**Extracted material**
○ ○ ○ ○ ○

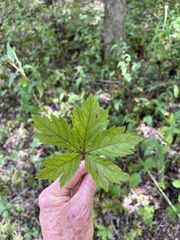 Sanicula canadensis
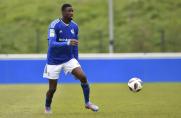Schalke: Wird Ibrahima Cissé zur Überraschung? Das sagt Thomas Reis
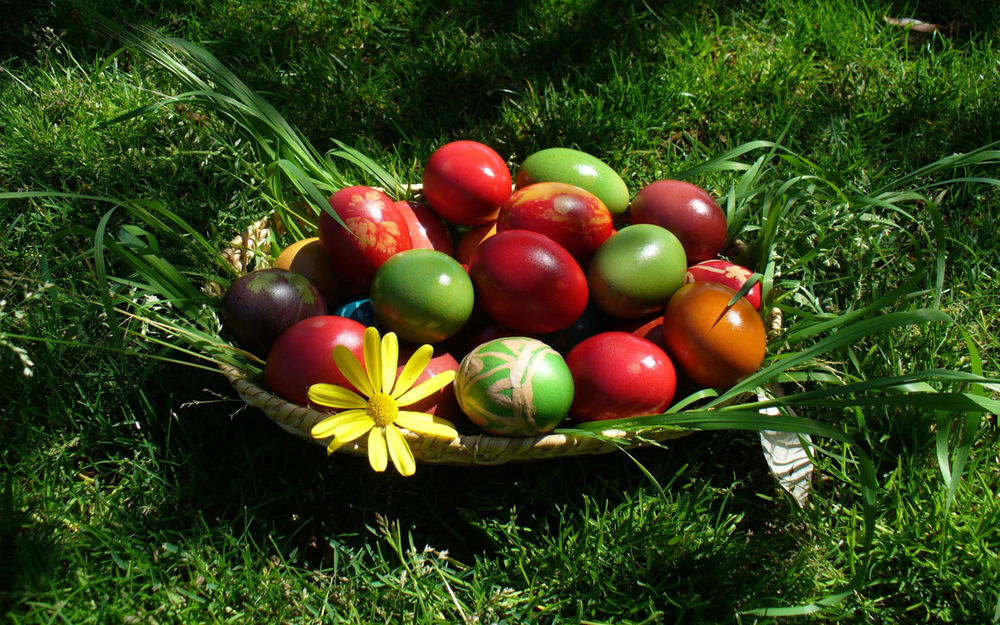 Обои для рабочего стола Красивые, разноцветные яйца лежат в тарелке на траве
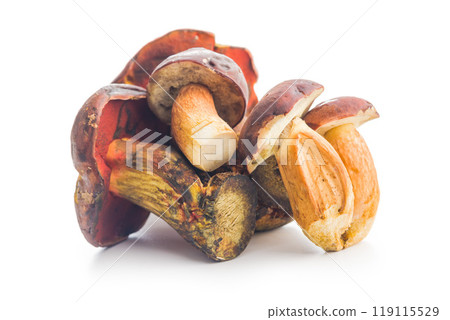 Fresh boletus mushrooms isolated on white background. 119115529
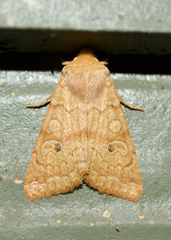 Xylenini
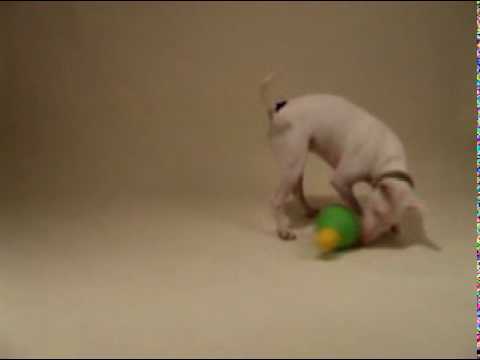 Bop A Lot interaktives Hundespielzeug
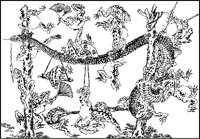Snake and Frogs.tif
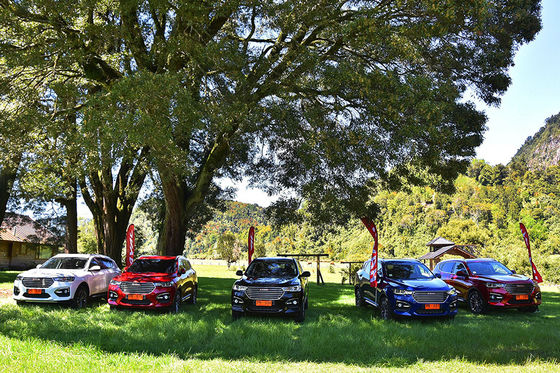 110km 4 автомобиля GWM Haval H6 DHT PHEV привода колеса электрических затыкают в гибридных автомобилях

○ ○ ○ ○ ○

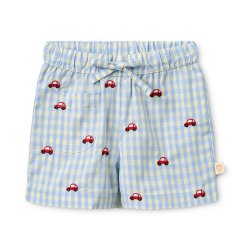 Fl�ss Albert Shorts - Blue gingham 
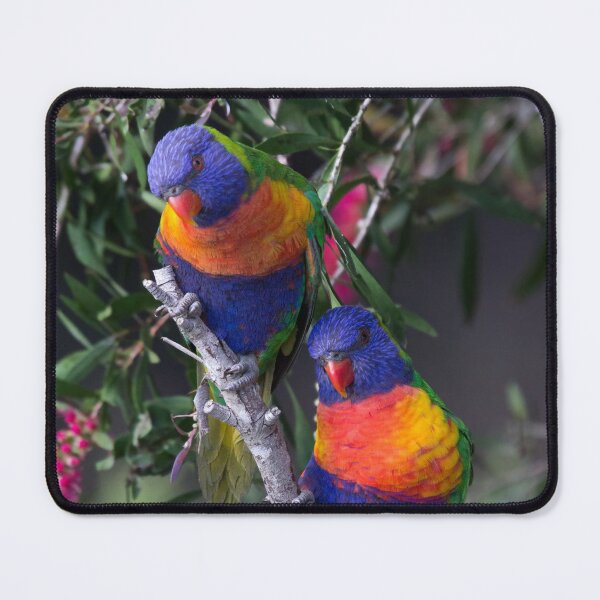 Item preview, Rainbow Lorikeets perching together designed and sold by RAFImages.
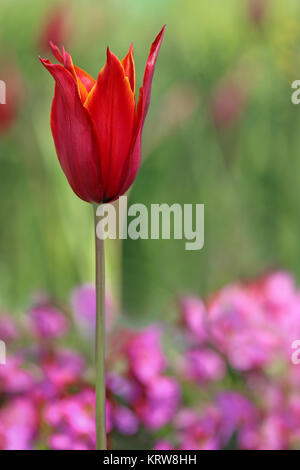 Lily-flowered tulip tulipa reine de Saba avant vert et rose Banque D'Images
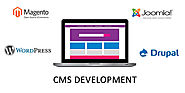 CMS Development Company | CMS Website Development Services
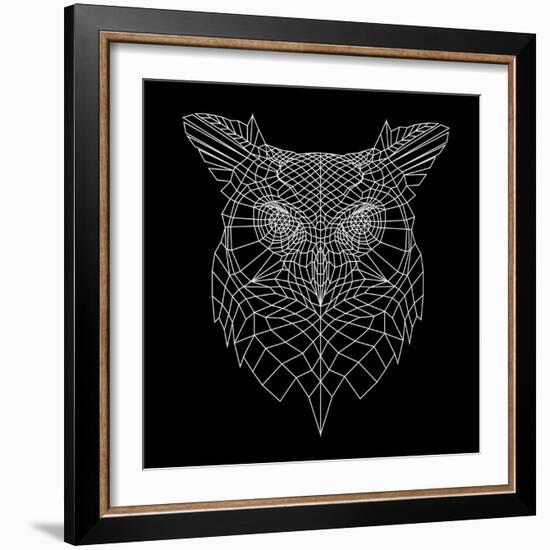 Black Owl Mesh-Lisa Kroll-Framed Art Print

○ ○ ○ ○ ○

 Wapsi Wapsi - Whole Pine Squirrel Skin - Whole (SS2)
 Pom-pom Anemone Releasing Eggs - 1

○ ○ ○ ○ ○

Within the entries above, give again exactly the lines starting at the one that contains "Sanicula canadensis" and ending at the one that contains "110km 4 автомобиля", leaving out the pictures.

 Sanicula canadensis
Schalke: Wird Ibrahima Cissé zur Überraschung? Das sagt Thomas Reis
 Обои для рабочего стола Красивые, разноцветные яйца лежат в тарелке на траве
 Fresh boletus mushrooms isolated on white background. 119115529
 Xylenini
 Bop A Lot interaktives Hundespielzeug
Snake and Frogs.tif
 110km 4 автомобиля GWM Haval H6 DHT PHEV привода колеса электрических затыкают в гибридных автомобилях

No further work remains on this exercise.